Effect of consumption of cyanobacteria-contaminated drinking water in the step-down IA task. Data expressed as median and interquartile intervals (training session in white; test session in gray); n = 10 rats per group. Kruskal-Wallis test shows no significant difference among training session latencies (p > 0.05). a Each of the five experimental groups has shown a significant difference between training and test session latencies (p < 0.05, Wilcoxon test). b Only the PST-producing C. raciborskii (9 μg/L STX equivalents) group showed a significant difference in the test session latency compared to the control group (p < 0.05, Dunn test)

The reference spatial memory model of the MWM task results are shown in Figs. 5, 6 and 7. Two experimental groups were applied: control group (ASM1 medium without cyanobacteria) and PST-producing C. raciborskii (9 μg/L STX equivalents).

Fig. 5
figure 5

Effect of consumption of cyanobacteria-contaminated drinking water in the training trial of MWM task. Data expressed as mean ± SEM; n = 15 rats per group. Both groups showed significant reduction in latency to find the platform during the four training days (p < 0.05, repeated measure ANOVA). The PST-producing C. raciborskii (9 μg/L STX equivalents) group showed a significant difference compared to the control group (p < 0.05, repeated measure ANOVA)

Fig. 6
figure 6

Effect of consumption of cyanobacteria-contaminated drinking water in the test session of MWM task. Data expressed as mean ± SEM; n = 15 rats per group. a Only the ASM-1 control group showed significant difference between time spent at TPQ and time spent at OPQ, p < 0.05 (one-way ANOVA test). b Rats treated with PST-producing C. raciborskii (9 μg/L STX equivalents) showed significant difference in the time spent at TPQ (p = 0.001, one-way ANOVA test and Tukey post-hoc test)

Fig. 7
figure 7

Absence of effect of PST-producing C. raciborskii (9 μg/L STX equivalents) on the swimming path length during the test session of the MWM task (p = 0.431, one-way ANOVA test). Data expressed as mean ± SEM; n = 15 per group

At the end of the four consecutive training days (Fig. 5), the animals treated with PST took a significantly longer time to find the hidden platform than the control group (p = 0.024, repeated measures ANOVA). However, both groups demonstrated a significant latency reduction to find the platform over the four training days (p < 0.05, repeated measures ANOVA), indicating learning in both groups.

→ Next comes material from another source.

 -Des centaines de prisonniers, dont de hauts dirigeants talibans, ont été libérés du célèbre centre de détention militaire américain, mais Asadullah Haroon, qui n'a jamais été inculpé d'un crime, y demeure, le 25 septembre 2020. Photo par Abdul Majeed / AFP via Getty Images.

In the probe test session of the MWM task (Fig. 6), the PST-treated group of rats significantly spent less time at the TPQ than the control group (p = 0.001, one-way ANOVA test and Tukey post-hoc test). Moreover, the PST-treated group did not show any difference in the time spent at the TPQ compared with the time spent at the OPQ (p = 0.218, repeated measures ANOVA). In the test session, there was no significant difference in the path length (Fig. 7) between groups (p = 0.431, one-way ANOVA test). Moreover, there was no significant difference between groups concerning swimming speed (p = 0.387, one-way ANOVA test), which indicated no motor effects of STX on MWM.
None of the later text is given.